Question

Prove the formula given in Table 6 for the derivative of each of the following functions.

(a) \({\bf{cos}}{{\bf{h}}^{ - {\bf{1}}}}\) (b) \({\bf{tan}}{{\bf{h}}^{ - {\bf{1}}}}\) (c) \({\bf{cot}}{{\bf{h}}^{ - {\bf{1}}}}\)

Short answer

(a) \(\frac{1}{{\sqrt {{x^2} - 1} }}\)

(b) \(\frac{1}{{1 - {x^2}}}\)

(c) \(\frac{1}{{1 - {x^2}}}\)

Step-by-step solution

Step 1:Find an answer for part (a)

Let \(y = {\cosh ^{ - 1}}x\), then \(\cosh y = x\).

Differentiate the equation \(\cosh y = x\) with respect to x.

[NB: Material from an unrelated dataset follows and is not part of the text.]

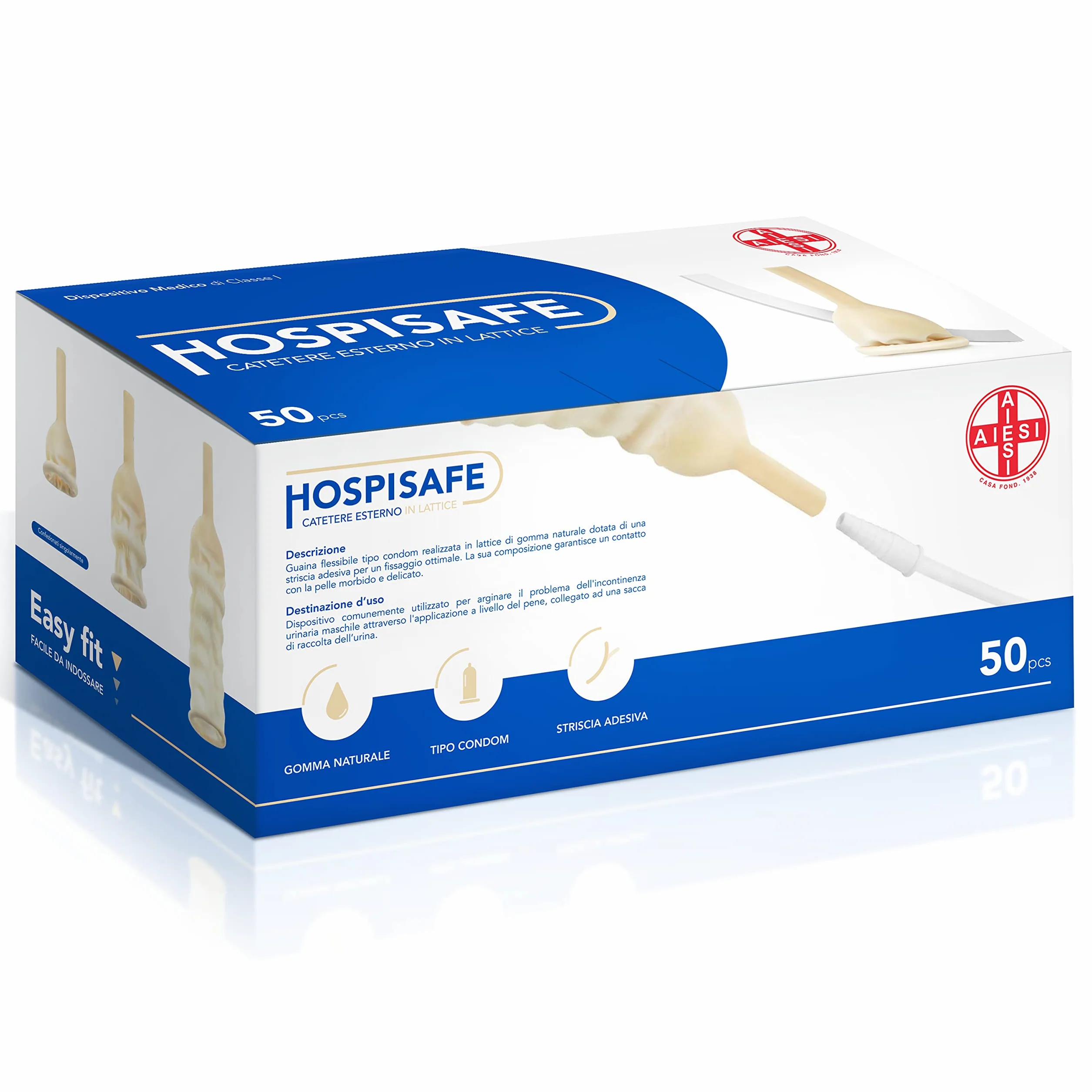 AIESI Zewnętrzny Cewnik lateksowy dla mężczyzn 25 mm HOSPISAFE opakowanie 50 sztuk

\(\begin{aligned}\sinh y\left( {\frac{{{\rm{d}}y}}{{{\rm{d}}x}}} \right) &= 1\\\frac{{{\rm{d}}y}}{{{\rm{d}}x}} &= \frac{1}{{\sinh y}}\\ &= \frac{1}{{\sqrt {{{\cosh }^2}y - 1} }}\\ &= \frac{1}{{\sqrt {{x^2} - 1} }}\end{aligned}\)

Therefore, \({\cosh ^{ - 1}}x = \frac{1}{{\sqrt {{x^2} - 1} }}\).

Find an answer for part (b)

Let \(y = {\tanh ^{ - 1}}x\), then \(\tanh y = x\).

Differentiate the equation \(\tanh y = x\) with respect to x.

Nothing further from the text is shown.